Methods: Structured telephone interviews based on the United Kingdom Sepsis Trust ‘Exemplar Standards for the Emergency Management of Sepsis’ were conducted from January to August 2017 with nominated representatives of all responding public hospital EDs in Hong Kong, followed by a review of hospital/departmental sepsis guidelines by the investigators.
 
Results: Sixteen of the 18 public EDs in Hong Kong participated in the study. Among various time-critical medical emergencies such as major trauma, sepsis was perceived by the interviewees to be the leading cause of in-hospital mortality and the second most important preventable cause of death. However, only seven EDs reported having departmental guidelines on sepsis care, with four adopting the Quick Sequential Organ Failure Assessment score or its modified versions. All responding EDs reported that antibiotics were stocked within their departments, and all EDs with sepsis guidelines mandated early intravenous antibiotic administration within 1 to 2 hours of detection. Reported major barriers to optimal sepsis care included lack of knowledge and experience, nursing human resources shortages, and difficulty identifying patients with sepsis in the ED setting.
 
Conclusion: There are considerable variations in sepsis care among EDs in Hong Kong.
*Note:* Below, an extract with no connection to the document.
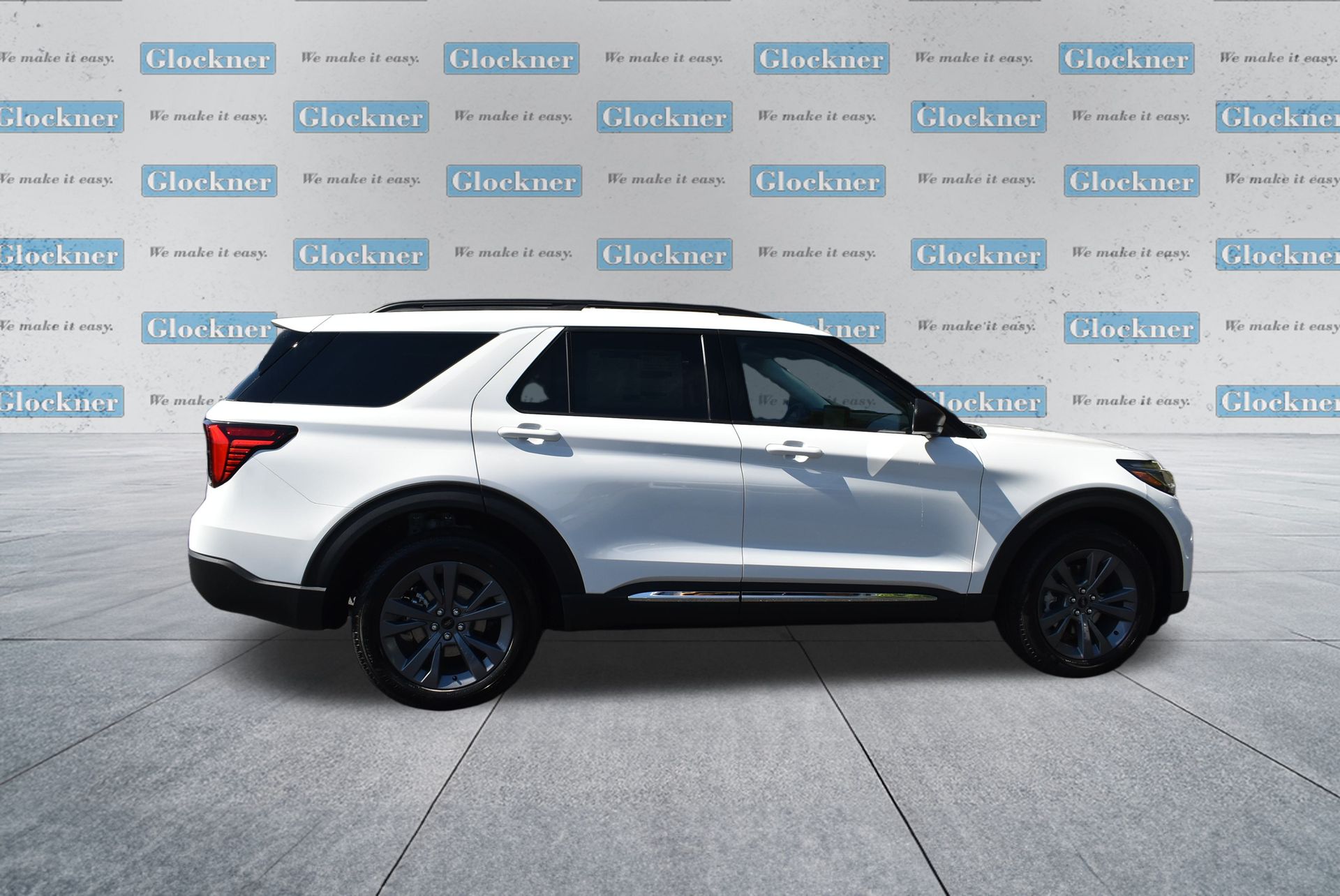 2025 Ford Explorer photo 3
More training, resources, and research efforts should be directed to early ED sepsis care, to improve patient outcomes.
 
 
New knowledge added by this study
  • Large variations were found in practice and adoption of international sepsis recommendations across emergency departments (EDs) in Hong Kong. Fewer than half of the EDs had sepsis management guidelines, and there were no regular audits or any registry to monitor the performance of sepsis care.
  • Although sepsis was perceived as the leading cause of in-hospital mortality, and second only to trauma in terms of preventable mortality, sepsis has not received a high level of attention within EDs.
  • Many EDs specified the requirements for early intravenous antibiotics administration and stocked antibiotics, but they differed in terms of the methods and screening criteria used for identification of patients with sepsis.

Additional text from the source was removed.